Are you looking for a quick dinner meal? This meal is quick to make and does not require a lot of major ingredients! I was able to feed myself and my husband and have some for my 11 month old. This is my first time writing a recipe of mine out, therefore it definitely will not sound professional, but bare with me.
- 1 pound chicken breasts
- 1 cup of soy sauce
- 1/2 cup of honey
- 2 Tablespoons of Fajita seasoning (bought or homemade)
- Mini potatoes (roughly 30)
- 1/2 stick of unsalted butter
- Garlic powder
- Onion powder
- 1/2 head of cauliflower
- 1/2 long cucumber
- 1 container of grape tomatoes
- 1/2 an onion
- 1 cup of mayo
- In a container, mix 1 cup of soy sauce with 1/2 a cup of honey and 2 tablespoons of fajita seasoning.
- With a fork, puncture the chicken breasts on both sides and place into the marinade sauce. Cover and put aside to marinade while you prepare the rest. (I typically let it marinade for several hours if I know in advance I will be preparing this meal)

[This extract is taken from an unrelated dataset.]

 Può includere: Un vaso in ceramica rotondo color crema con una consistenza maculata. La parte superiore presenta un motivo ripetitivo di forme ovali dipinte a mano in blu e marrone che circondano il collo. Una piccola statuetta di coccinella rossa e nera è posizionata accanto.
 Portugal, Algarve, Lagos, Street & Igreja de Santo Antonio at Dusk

- Cut the mini potatoes in half and place in salted boiling water. Roughly for about 6 minutes, until it has been almost cooked through.

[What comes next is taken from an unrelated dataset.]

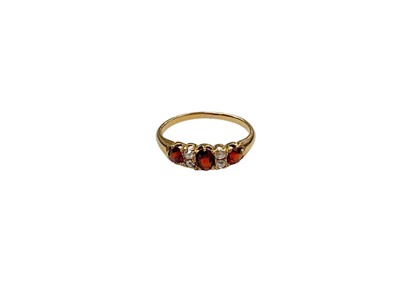 Lot 1146 - Edwardian gold garnet and diamond ring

- While potatoes are boiling, break the cauliflower into smaller bite size pieces and place into a bowl.
- Cut the cucumber into slices and then in half and place with the cauliflower.
- Cut the grape tomatoes in half and place with the cauliflower and cucumbers.

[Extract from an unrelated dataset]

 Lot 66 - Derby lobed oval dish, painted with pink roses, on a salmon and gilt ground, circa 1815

- Dice the onion and add to the bowl.
- Mix in a cup of mayo and salt to taste. The salad is done.
- Remove potatoes from the boiling water and strain.
- Place back into the skillet or pan on medium heat and add the unsalted butter. Let the butter melt around the potatoes. Do not mix often to avoid breaking the potatoes.
- Add onion powder, garlic powder, and salt based on your preference. Remove potatoes once they have become golden brown.
- While waiting for the potatoes to become golden brown, take the chicken breast and place onto a skillet at medium to high heat. Pour the marinade sauce over the chicken and cover to catch the steam and prevent the meat from drying out. Flip meat over after 10 minutes or once golden brown and cook other side.